The Game #1: The Science of Seduction

So I’ve spent the last couple of weeks reading The Game, and looking into the online pick-up network which inspired it, and I find myself fascinated and repulsed in equal measure.

The Game is a ‘non-fiction’ book about how journalist Neil Strauss went from AFC to PUA, then found an LTR with an HB10.

(AFC = Average Frustrated Chump. PUA = Pick-up Artist. LTR = Long term Relationship. HB10 = Hot Babe with a high rating on the physical appearance scale. Yes, there is an awful lot of jargon in pick-up, and most of it is a little embarrassing.)

So it goes like this: after years of fearing rejection to the point of not even being able to talk to women, Strauss is commissioned to write a piece on America’s burgeoning pick-up community. Consequently he becomes immersed in this world, addicted even. He meets all of the pick-up gurus – including (allegedly) the guy on whom Tom Cruises’s character in Magnolia is based. He learns all of their tricks of the trade – their demonstrations of value, their false time constraints, their peacocking, their NLP games and traps – and basically he becomes transformed into some kind of soulless seduction machine, a kind of bald, ripped, RoboStud.
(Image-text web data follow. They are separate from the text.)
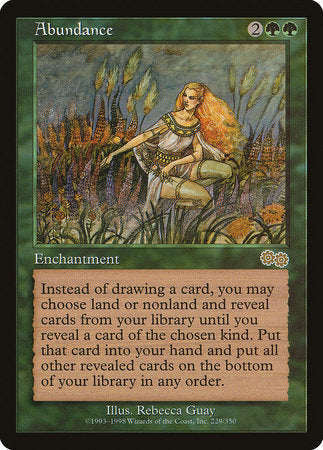 Abundance [Urza's Saga] | Tabernacle Games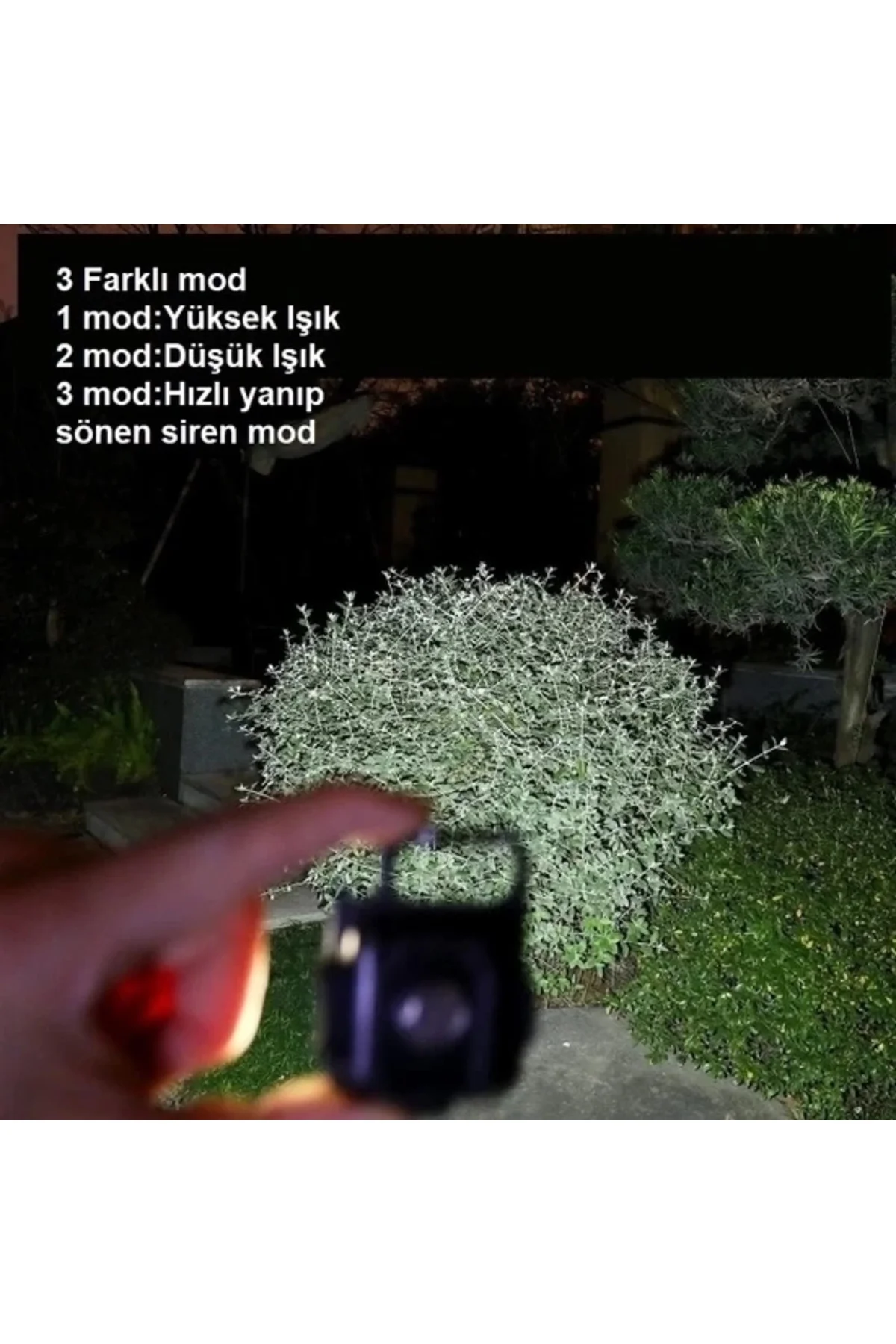 Mini 30 Ledli Mıknatıslı Anahtarlık Flash Kamp Lambası Askılı Kap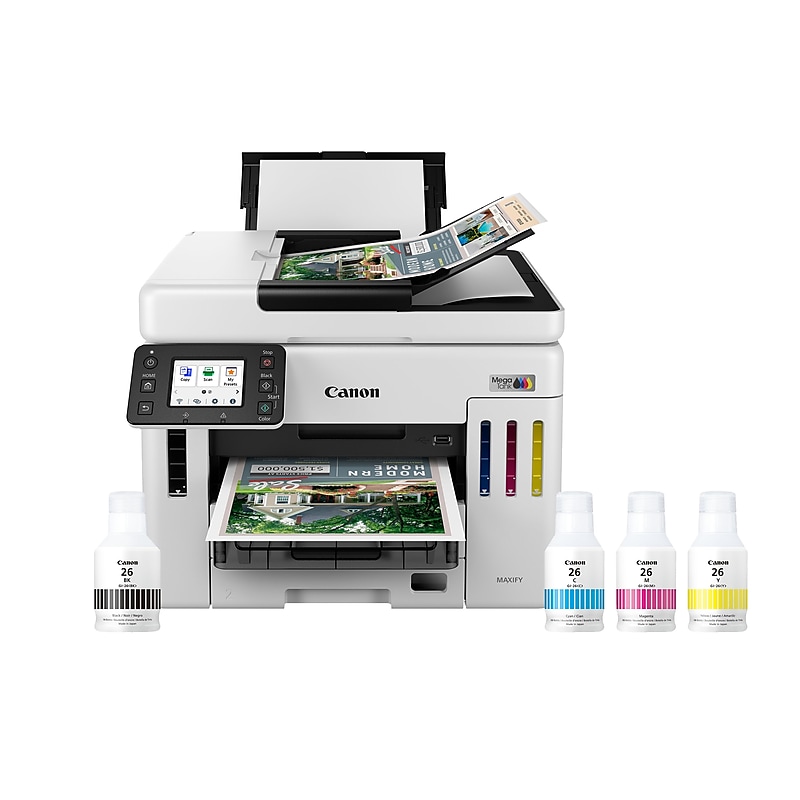 Canon Maxify GX7120 Wireless Color All-In-One Megatank Inkjet Printer, Best for Home Office (6880C002AA) image 1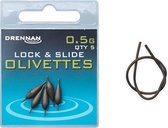 Drennan Olivettes Lock & Slide - Lood - 0.5g - Brons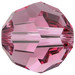 Swarovski Crystal Beads Round (5000) Rose - Bluestreak Crystals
The Game, also branded by other PUAs as Real Social Dynamics, is basically an attempt to make a science out of seduction. Furthermore, naturally, it is an attempt to make a profit out of that science. The money-making aspect is important. This is not philanthropy, as many of the gurus attempt to imply. It’s business.

Here however, is the part of the book that - despite myself - hooked me:


’When we walked into the dim sum restaurant, I was shocked by what I saw waiting for me. David X was quite possibly the ugliest PUA I’d ever met… He was immense, balding, and toadlike, with warts covering his face and the voice of a hundred thousand cigarette packs.’


That was the point I thought, OK, maybe I can give this a go. Maybe it’s time I got Game.

So.

Apparently - because the Game is all about manipulation through deception - the first thing I need is a name that is not my own. A seduction name. A pulling name. Strauss is told early on in the book, ‘It’s not lying. It’s flirting.’ It’s something he repeats to himself every now and then, usually before he tells some great big horrible lie. ‘It’s not lying,’ he says. ‘It’s flirting.’ No, it’s not, Neil. It’s lying. And you know it.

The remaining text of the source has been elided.